The day started out cloudy and cool but quickly turned cold and rainy: 41 degrees and pouring down rain. When you are climbing the ol’ bod is a little heat generator so you tend to stay warm. Going downhill has just the opposite effect: you stop generating heat, you cool off, and you look for anything that will warm you up. Whala! What should appear but Checkerboard.
Checkerboard is a small community primarily made up of recreational cabins for hunting, fishing, and rafting. The local hangout, the Checkerboard Bar & Inn, is a quaint building with taxidermy mounts adorning the walls, a pool table in one room and an old upright piano sitting quietly in the corner just waiting for someone to bang out a tune. Judy, the proprietor, provided us with hot coffee, some great hamburgers, and wonderful tales about the area. Judy had been here since 1990 and was a fountain of area information. Unfortunately, all warm things must end.
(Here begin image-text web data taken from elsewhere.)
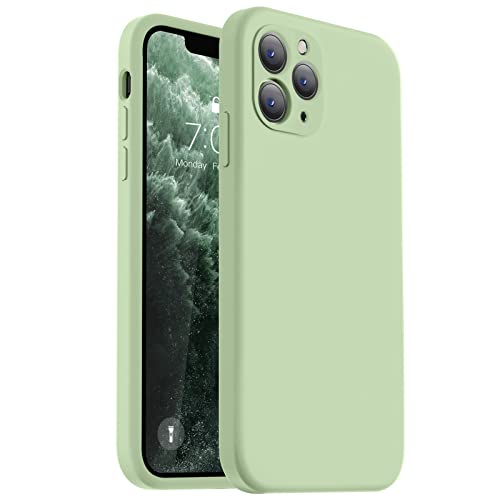 Vooii Compatible with iPhone 11 Pro Case Upgraded Liquid Silicone with [Flat Edges] [Camera Protection] [Soft Anti-Scratch Microfiber Lining] Phone Case for iPhone 11 Pro 5.8 inch - Matcha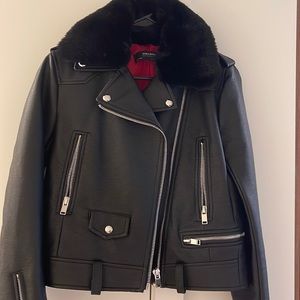 Zara Faux Fur Leather Jacket with Detachable Fur Collar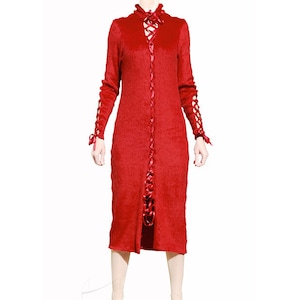 Red tie front dress image 1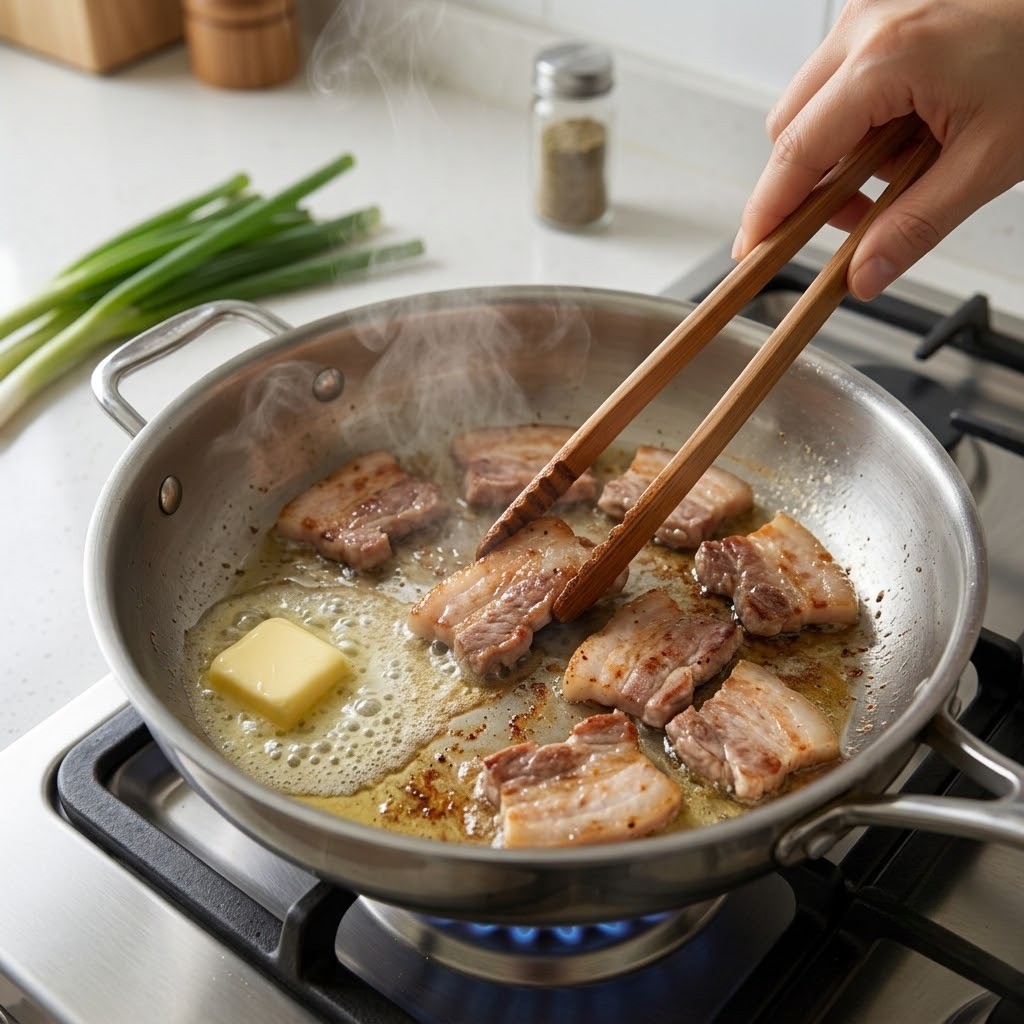 냄비에 고소한 버터를 녹이고 찌개용 돼지고기 볶기, 이유리 버터 김치 수제비 만들기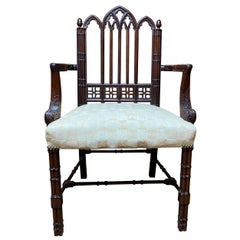 Vintage 19th C Gothic Revival Carved Armchair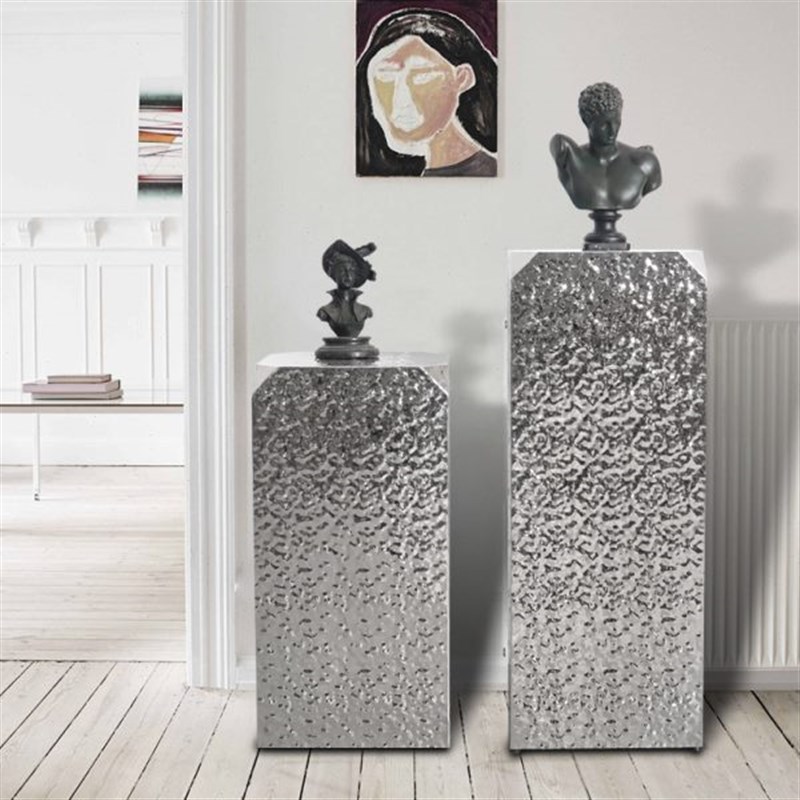 落地雕塑底e座电镀镜面不锈钢展示台样板房间展厅商场橱窗装置摆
Back on the road in the rain and in the cold we continued to climb the hills. Little did I realize that with all the rain, my traveling companion was slowly turning into a duck. Necessity is the mother of invention, and Tom certainly chased that mother around. He ended up using his pannier covers, wrapped around his shoes, to try and warm up his feet. It worked, and we continued to paddle along.
The good: the rain stopped at the 45 mile point. The bad: the wind began picking up. The ugly: we were riding directly into the wind. The last 12 miles was mind over matter; all we could do was slowly grind it out. On the bright side, with all of the rain and windy weather we decided to stay in a motel, again.
Enter Stacy, at the Country Side Inn. Talk about a warm cheery face after a gray blustery day! It is amazing how people can brighten your day just when you reach a low point. We met Linda as we rode into town; she directed us to the motel and showed us the beautiful flower bed she was building. We met Bob, a fellow from Utah, who was helping to eradicate some problem prairie dogs. During supper we got to know a wonderful waitress at the Sportsman’s Bar who was saving to buy a trumpet and enroll at Missoula in music.
A trip like this would definitely be a lot harder if it weren’t for the wonderful people we keep meeting along the way. Regardless of the daily headlines, there are many nice and friendly people out there. All you have to do is slow down, offer a smile, and share a story or two.